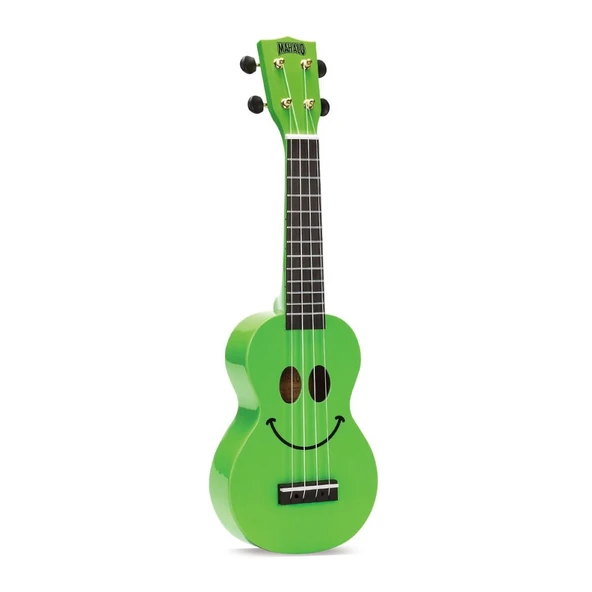 Mahalo U-Smile Soprano Ukulele (Yeşil) ürün görseli 1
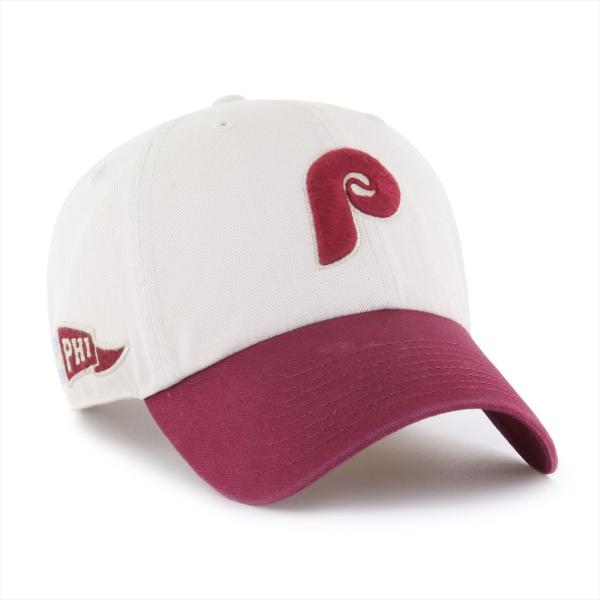 47 キャップ フィリーズ &apos;47 CLEAN UP メンズ レディース 47BRAND MLB公式...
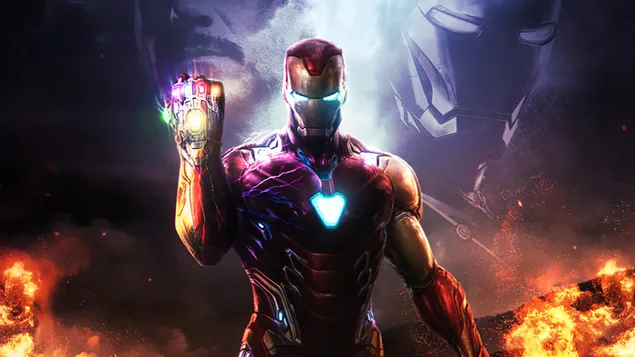 Iron Man has the Infinity Stones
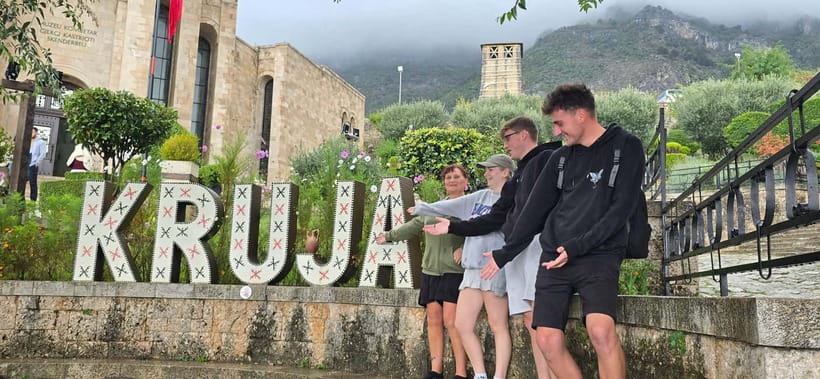 From Durrës: Kruja Half-Day Tour, Old Bazaar & Holy Mountain - Pickup from Durrës, Golem, and Qerret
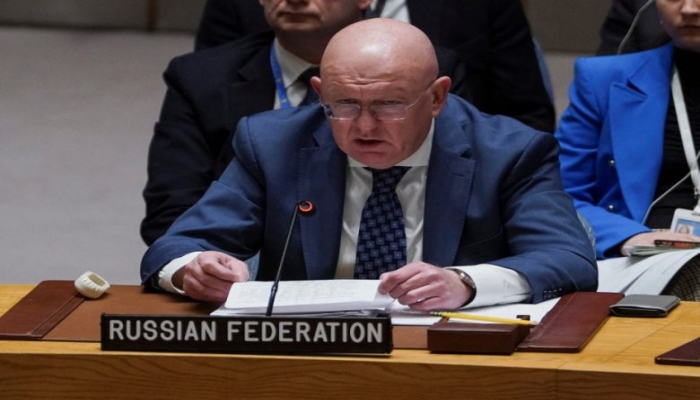 روسيا تدعو مجلس الأمن الدولي للاتفاق على عقوبات ضد إسرائيل
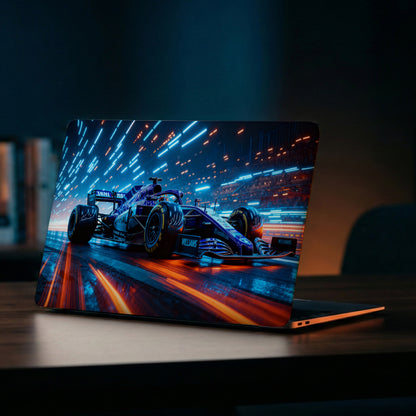 F1 Speed Demon Laptop Skin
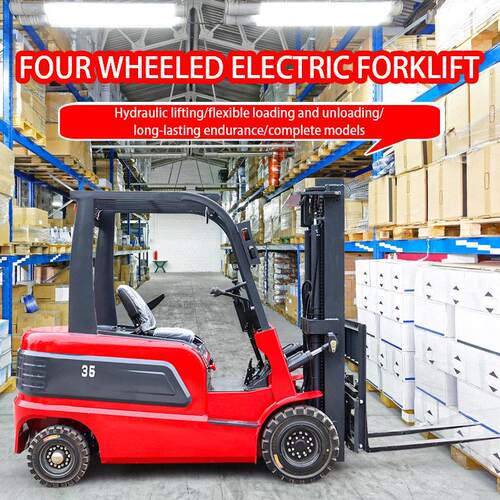China Factory lithium battery  electric forklift for sale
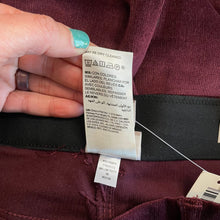 Load image into Gallery viewer, Chico&#39;s | Women&#39;s Deep Merlot Corduroy Straight Leg Pants with Tags | Size: M
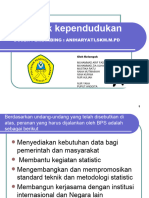 Statistik Kependudukan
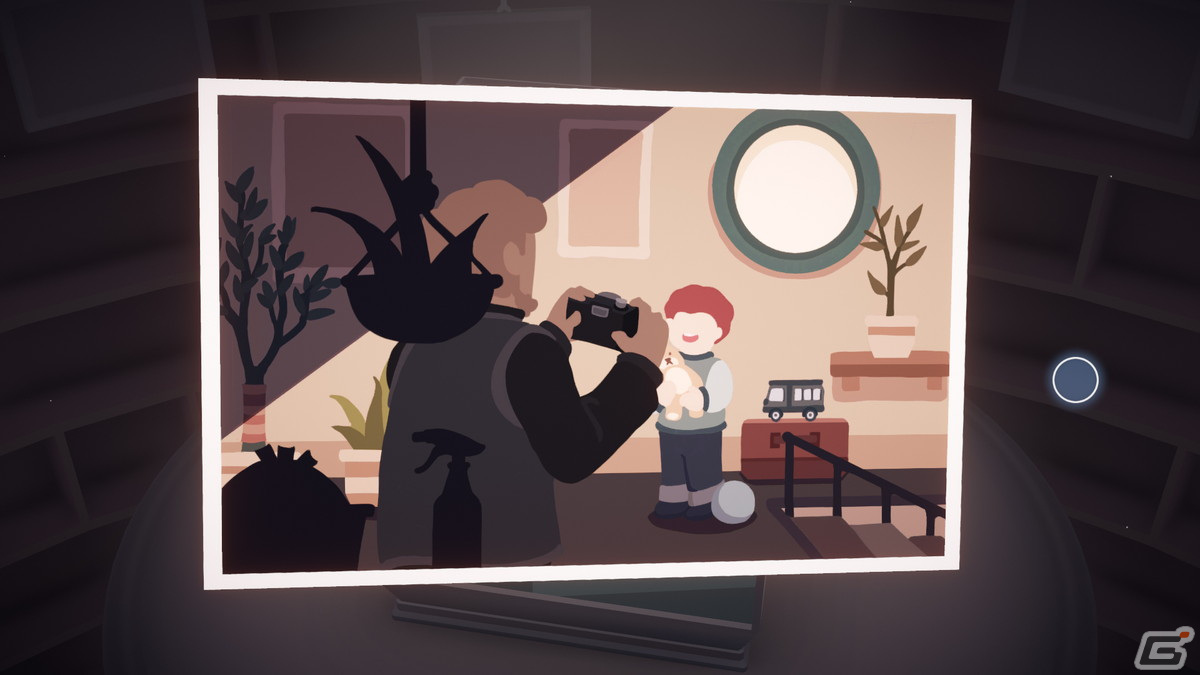 Steam/iOS/Android版「Moncage -箱庭ノ夢-」が配信開始！さまざまな角度から繋がりを見つけて謎を解くパズルADVの画像4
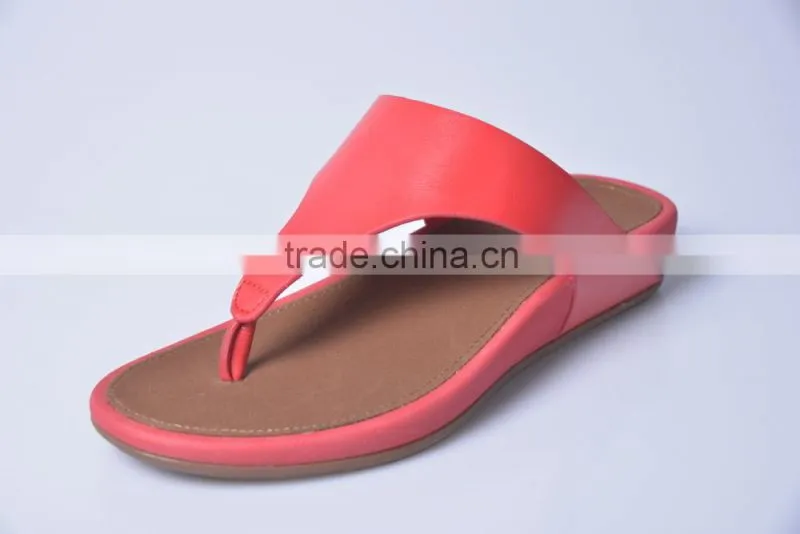 2015 trendy women flip flops best selling leisure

====

## EXERCISE INSTRUCTIONS:
Could you write out exactly the lines of the data above that run from the one holding "47 キャップ フィリーズ" to the one holding "China Factory lithium", with both ends in and all pictures out?

## SOLVED PROBLEM:
 47 キャップ フィリーズ &apos;47 CLEAN UP メンズ レディース 47BRAND MLB公式...
 Iron Man has the Infinity Stones
 From Durrës: Kruja Half-Day Tour, Old Bazaar & Holy Mountain - Pickup from Durrës, Golem, and Qerret
 روسيا تدعو مجلس الأمن الدولي للاتفاق على عقوبات ضد إسرائيل
 F1 Speed Demon Laptop Skin
China Factory lithium battery  electric forklift for sale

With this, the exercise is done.